## Your instructions
Give back exactly the lines starting at the one with "FlightReacts Seahawks vs" and ending at the last line of the data below. Pictures are not part of the copy.

====== Dataset entries

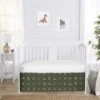 Sweet Jojo Designs Boy Or Girl Gender Neutral Unisex Baby Crib Bed Skirt Jungle Animals Green And White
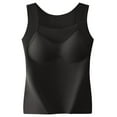 thumbnail image 1 of Afdoent Womens Tops Seamless Thermal Vest With Built In Bra Shapewear Base Layer Top For Warm Comfort Womens Fall Tops, 1 of 9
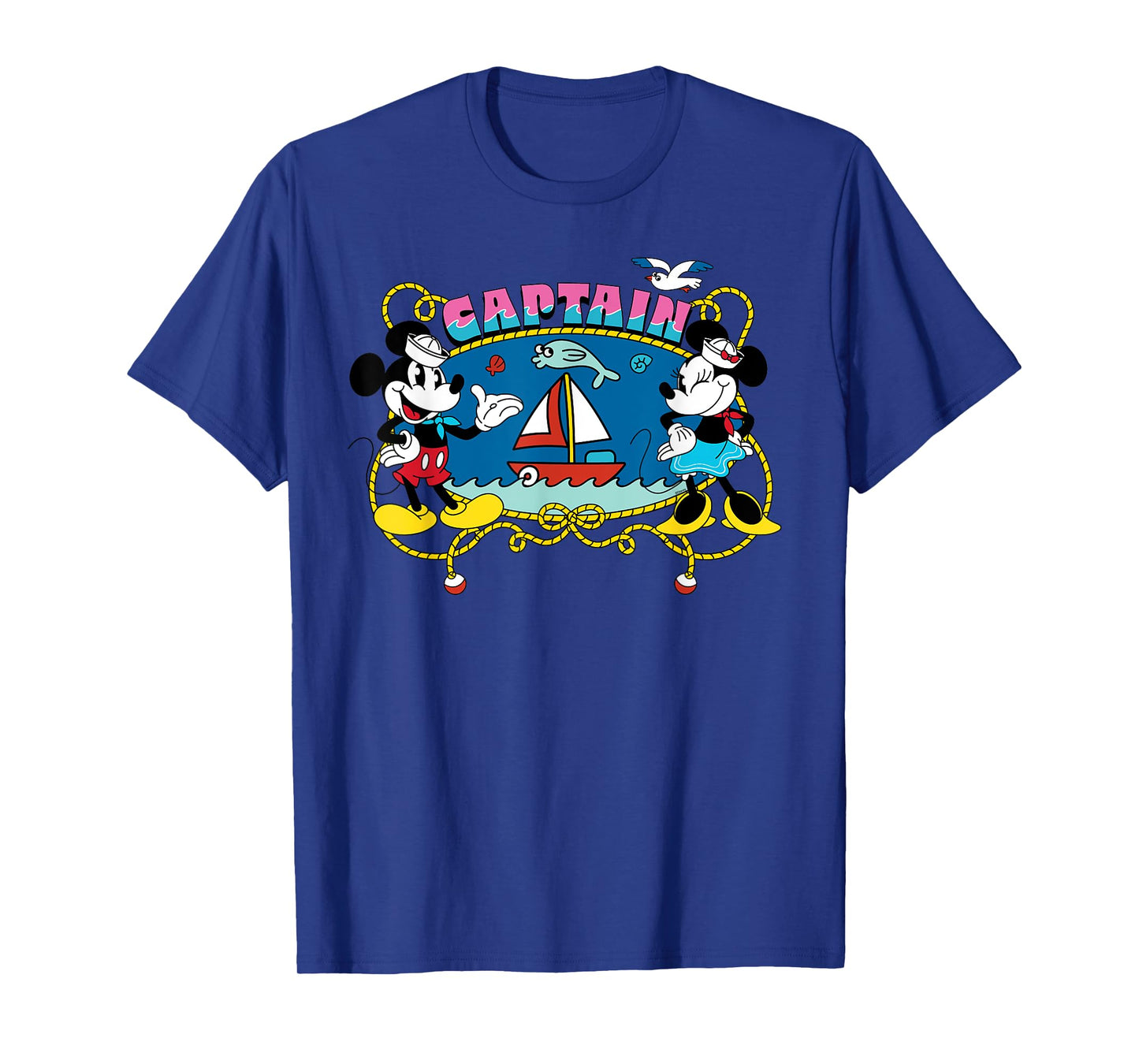 Disney Cruise Family Group Vacation Matching Captain T-Shirt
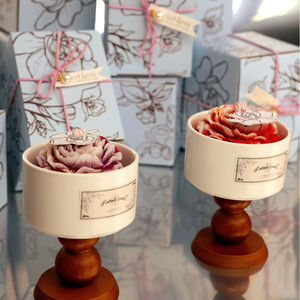 Vente chaude basse température camélia Style sans fumée 100% cire de soja bio aromathérapie à la main vacances Thanksgiving décoration bougies - Product Image 3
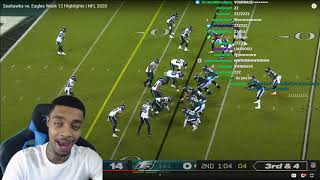 FlightReacts Seahawks vs Eagles Week 12 Highlights [upl. by Yema236]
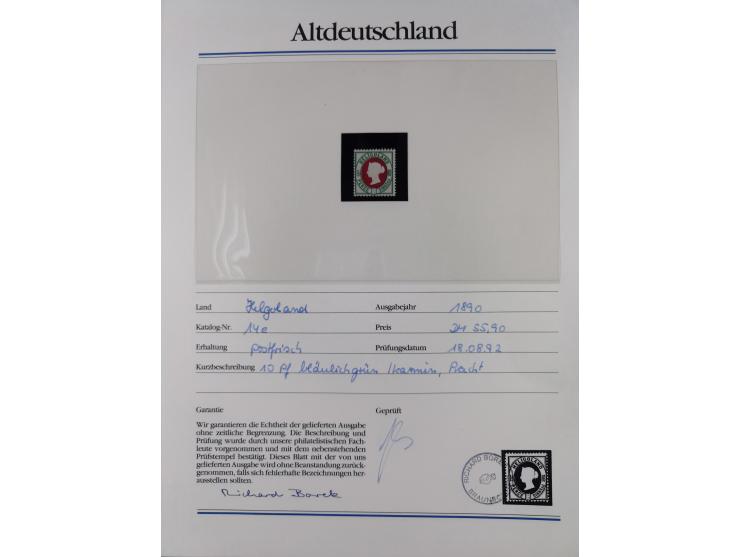 1981/1920, postfrische Sammlung aus Abobezug, dabei einige bessere Ausgaben Bayern, Bergedorf und Thurn und Taxis, gute Erhal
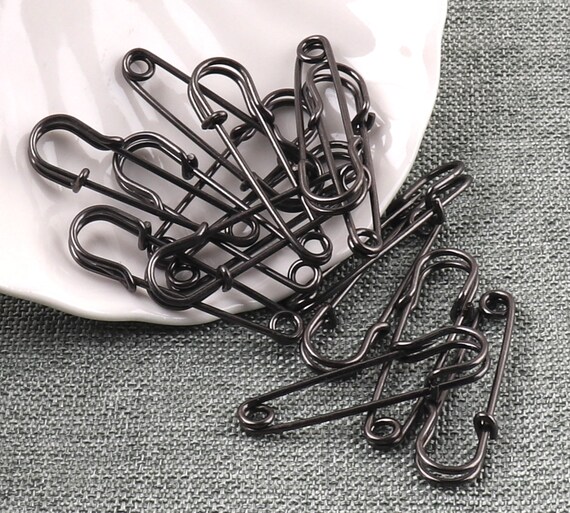 Safety Pins Gunblack Small Needles Brooch Pins Charming Safety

============

## Task output
 FlightReacts Seahawks vs Eagles Week 12 Highlights [upl. by Yema236]
 1981/1920, postfrische Sammlung aus Abobezug, dabei einige bessere Ausgaben Bayern, Bergedorf und Thurn und Taxis, gute Erhal
 Safety Pins Gunblack Small Needles Brooch Pins Charming Safety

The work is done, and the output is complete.